FIG. 18 is a schematic illustrating a specific example of the procedure described above. FIG. 18 illustrates an example where the first operation to select the check box 235 of “cute” is performed on the first area 231. If “cute” is specified as the upper level expression UE corresponding to the voice quality specified by the first operation, the scores in the column corresponding to “cute” are sorted in descending order out of the score data of the upper level expressions UE. Subsequently, the speakers ID of the top-N (three in this example) speakers are extracted. The score data of the lower level expressions LE is narrowed down based on the extracted speaker IDs. The statistics of the respective lower level expressions LE are calculated from the score data of the narrowed lower level expressions LE.

As described above, the first operation is assumed to be performed on the first area 231 of an option format illustrated in FIG. 16. The range calculating unit 140, however, can calculate the controllable range in the same manner as that of the example above in a case where the first operation to specify the voice quality is performed based on a plurality of upper level expressions UE using the first area 231 of a slider bar format illustrated in FIG. 7, a dial format illustrated in FIG. 8, a radar chart format illustrated in FIG. 9, and other format. In this case, the range calculating unit 140 acquires the upper level expression score vector corresponding to the first operation instead of specifying the upper level expression UE corresponding to the first operation at Step S401 in FIG. 17. Furthermore, the range calculating unit 140 extracts the speaker IDs of the top-N speakers in ascending order of distance (e.g., a Euclidian distance) from the acquired upper level expression score vector instead of sorting the scores in descending order at Step S402 and extracting the speaker IDs of the top-N speakers at Step S403.

In exhibition of the controllable range calculated by the range calculating unit 140 on the second area 232 on the edit screen ES illustrated in FIG. 16, for example, an operation performed on one axis does not affect another axis if the axes of the respective lower level expressions LE are completely independent of one another. It is difficult, however, for the axes to be completely independent of one another in an actual configuration. The axis of the sex, for example, is assumed to highly correlate with the axis of the height. This is because a voice tends to become higher as the sex is closer to a woman and tends to become lower as the sex is closer to a man. In view of the relation between the axes, the strip-shaped marks 240 indicating the controllable range may dynamically expand and contract.

FIG. 19 is a schematic illustrating another example of the edit screen ES. In the example, the second area 232 includes check boxes 241 used to fix the positions of the knobs 236 of the slider bars corresponding to the respective lower level expressions LE. In the example illustrated in FIG. 19, the first operation to select the check box 235 of “cute” is performed on the first area 231, and the position of the knob 236 of the slider bar corresponding to the fluentness is fixed by operating the check box 241. Fixing the position of the knob 236 of the slider bar corresponding to the fluentness causes the strip-shaped marks 240 indicating the controllable range of the sex, the age, and the speed, which relate to the fluentness, to dynamically change.

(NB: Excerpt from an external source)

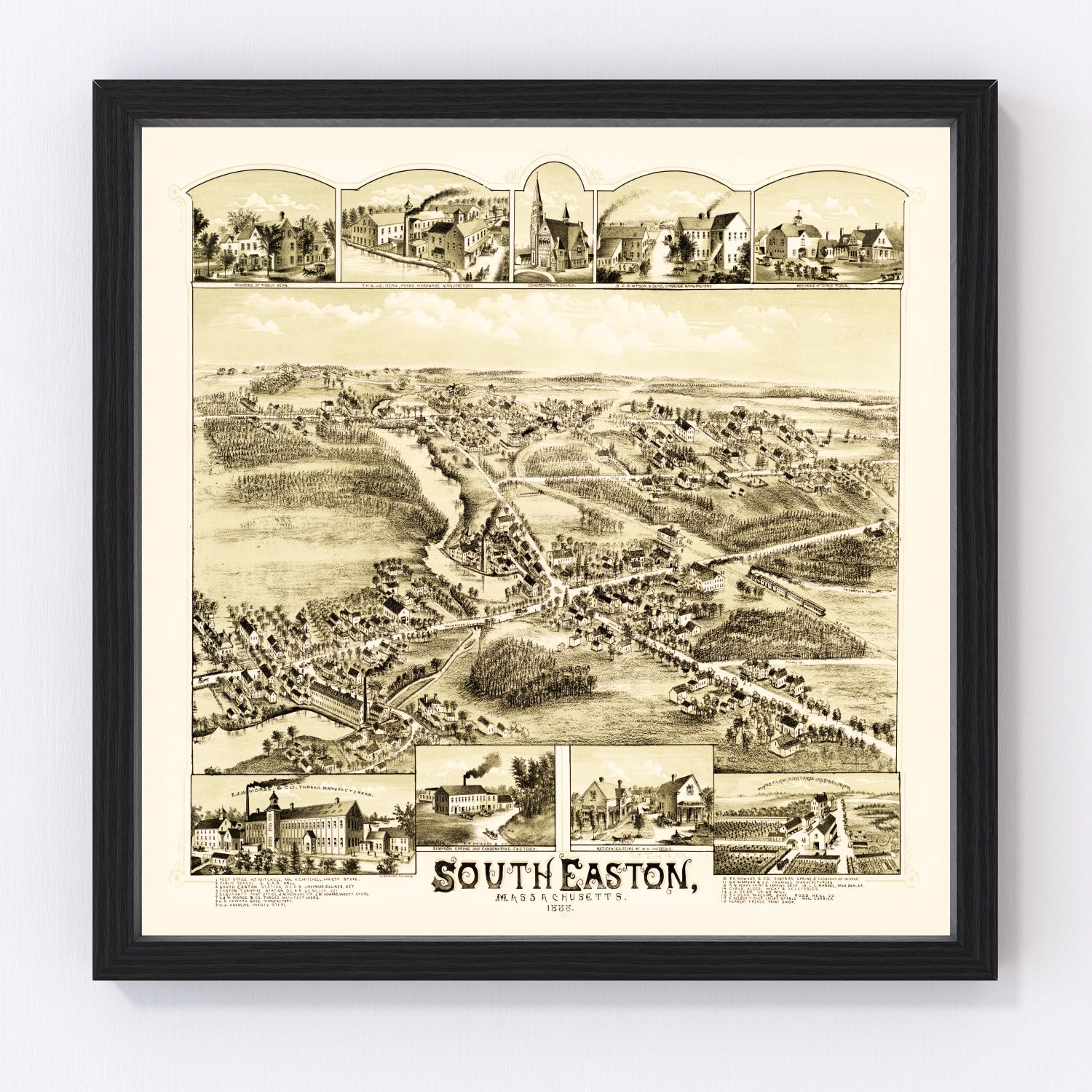 Vintage Map of South Easton, Massachusetts 1888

To implement such a system, the range calculating unit 140 may narrow down the score data of the lower level expressions LE at Step S404 in FIG. 17, further narrow down the score data based on the speakers having the fixed value of the lower level expression LE, and calculate the statistics again. It is necessary to allow certain latitude because few speakers have a value completely equal to the fixed value of the lower level expression LE. The range calculating unit 140 may narrow down the speakers based on data in a range of −1 to +1 for the fixed value of the lower level expression LE, for example.

As described above, the voice synthesizing device 100 according to the present embodiment exhibits, to the user, the controllable range that can maintain the characteristics of the voice quality specified by the first operation. The voice synthesizing device 100 thus enables the user to generate various types of voice qualities more intuitively.

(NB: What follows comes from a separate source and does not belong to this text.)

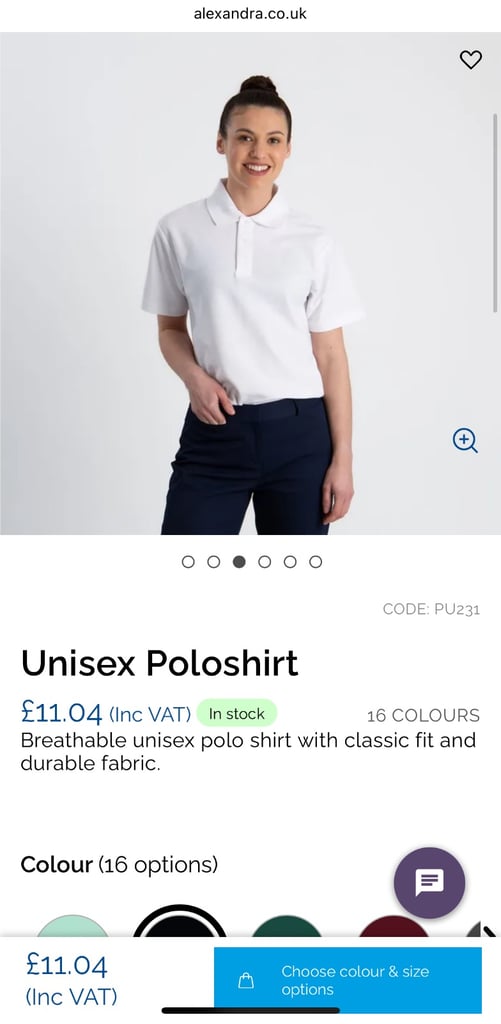 Alexandra Workwear Unisex Polo Shirt, Black, Navy, White, Various Sizes, NEW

While the present embodiment describes a method for calculating the controllable range based on the score data of the upper level expressions UE and the score data of the lower level expressions LE, for example, the method for calculating the controllable range is not limited thereto. The present embodiment may employ a method of using a statistical model learned from data, for example. While the present embodiment represents the controllable range with the strip-shaped marks 240, the way of representation is not limited thereto. Any way of representation may be employed as long as it can exhibit the controllable range to the user such that he/she can visually grasp the controllable range.

Third Embodiment

A third embodiment is described below. The voice synthesizing device 100 according to the present embodiment is obtained by adding a function to assist voice quality editing by a method different from that of the second embodiment to the voice synthesizing device 100 according to the first embodiment as described above. Components common to those of the first embodiment are denoted by common reference numerals, and overlapping explanation thereof is appropriately omitted. The following describes characteristic parts of the third embodiment.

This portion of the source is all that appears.